Sunday, July 23, 2006

I'm Gonna Make No Money!

I am just excited about this fact. (Not really.)

What's exciting is I might actually be doing something I like. I just want to get past the bar right now.

Poop on it. I'm going over my workbook, just trying to retain information. I hate my life.

EDIT:
Here is proof. Granted this information is about six years old, but it can't have change that much.
This is a difference of $66,000 between my first job offer (that was latter retracted) and the average salary of the job I'm most likely to get. I'm really going out on a limb here...

Saturday, July 15, 2006

Frustration at Craig's List

I'm trying to post furniture for sale. The website isn't really connecting. It's like being on a dial-up.

I hate this. There is no reason for this and I want to kick Craig.

EDIT:
I tried again and finally got this message:

Error

Craigslist is currently undergoing some brief maintenance.

Please sit tight, and try again later.

We are aware of the situation, and the happy craigslist elves are scurrying to make it better, even now.
Well it's about fucking time.

Saturday, July 08, 2006

Searching for an Old Friend

I once had a friend. I was 17; he was 23. Six years difference isn't much now, but it felt like the world when I was 17. We had a deep connection. It wasn't physical. We never even kissed. I was away at boarding school and he was still back home. He wrote me emails and letters. I don't know where the letters went, but I found the emails today. I saved them on a computer I was about to sell.

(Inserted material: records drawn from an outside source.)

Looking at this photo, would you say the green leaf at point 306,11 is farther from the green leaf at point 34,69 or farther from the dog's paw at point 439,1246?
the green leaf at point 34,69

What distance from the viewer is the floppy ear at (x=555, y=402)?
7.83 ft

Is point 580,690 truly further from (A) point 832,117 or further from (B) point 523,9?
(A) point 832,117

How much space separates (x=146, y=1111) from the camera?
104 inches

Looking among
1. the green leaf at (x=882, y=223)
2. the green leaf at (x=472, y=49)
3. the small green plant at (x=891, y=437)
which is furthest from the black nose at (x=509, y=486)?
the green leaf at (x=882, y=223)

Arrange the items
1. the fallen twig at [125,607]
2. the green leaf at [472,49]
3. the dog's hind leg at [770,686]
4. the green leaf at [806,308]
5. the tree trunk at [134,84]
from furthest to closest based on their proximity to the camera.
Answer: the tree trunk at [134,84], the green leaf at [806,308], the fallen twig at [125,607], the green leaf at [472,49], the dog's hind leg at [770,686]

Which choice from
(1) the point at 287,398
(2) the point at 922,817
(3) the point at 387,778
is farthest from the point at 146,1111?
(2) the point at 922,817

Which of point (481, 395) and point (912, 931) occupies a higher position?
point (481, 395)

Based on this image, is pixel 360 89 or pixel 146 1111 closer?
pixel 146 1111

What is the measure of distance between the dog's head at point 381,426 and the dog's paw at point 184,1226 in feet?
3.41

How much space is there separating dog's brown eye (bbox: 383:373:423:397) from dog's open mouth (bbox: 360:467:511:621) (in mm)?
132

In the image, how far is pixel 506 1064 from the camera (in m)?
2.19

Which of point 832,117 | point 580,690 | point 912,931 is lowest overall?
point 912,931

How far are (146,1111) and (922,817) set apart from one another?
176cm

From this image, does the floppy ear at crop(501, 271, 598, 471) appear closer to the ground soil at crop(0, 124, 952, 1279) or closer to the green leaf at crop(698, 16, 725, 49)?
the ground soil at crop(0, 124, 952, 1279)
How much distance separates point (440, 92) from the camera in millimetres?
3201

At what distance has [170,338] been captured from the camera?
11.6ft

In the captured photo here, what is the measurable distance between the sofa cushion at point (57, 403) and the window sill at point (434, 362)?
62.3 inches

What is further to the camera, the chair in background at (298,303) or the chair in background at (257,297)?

I re-read the letters. They were often deep meaningful letters. Sometimes he was merely responding to an adolescent who was unsure how to act around guys, especially older ones.

In one email he talks about the time we sat in the park, sporadically talking, taking 3 to 5 minute breaks of silence. I still remember that day. I remember in those bouts of silence wanting to say something, but in my mind I was having a debate about whether to remain silent. He saw maturity where I was merely trying to act mature.

His letter got more and more depressing. He was lost in a quarter-life crisis, and I didn't know how to respond. I was caught between liking him and feeling like the age gap was insurmountable. He was about to finish college and I was just about to start.

Professions of adoration and eventually love were in each of the emails. He put up with a neurotic teenager, barely ready to become an adult. I did love him. I do love him still. He was the first person in my life who I truly loved outside of my family.

I lost touch with him and can't find him now. Unfortunately he has a very common name. I want to know if he's alright. I want to find my friend and reach out with a hand of understanding, which is something I was incapable of when we were friends back then.

I miss David Crook.

Sunday, July 02, 2006

Dirty Little Secret

I just bought a Kelly Clarkson CD.

I have hit the "bar" wall.

I've watched 8 episodes of the West Wing in less than 24 hours.

I washed my dishes wishing for a nose plug because it had been that long since I cleaned them.

I watched The Family Stone the morning.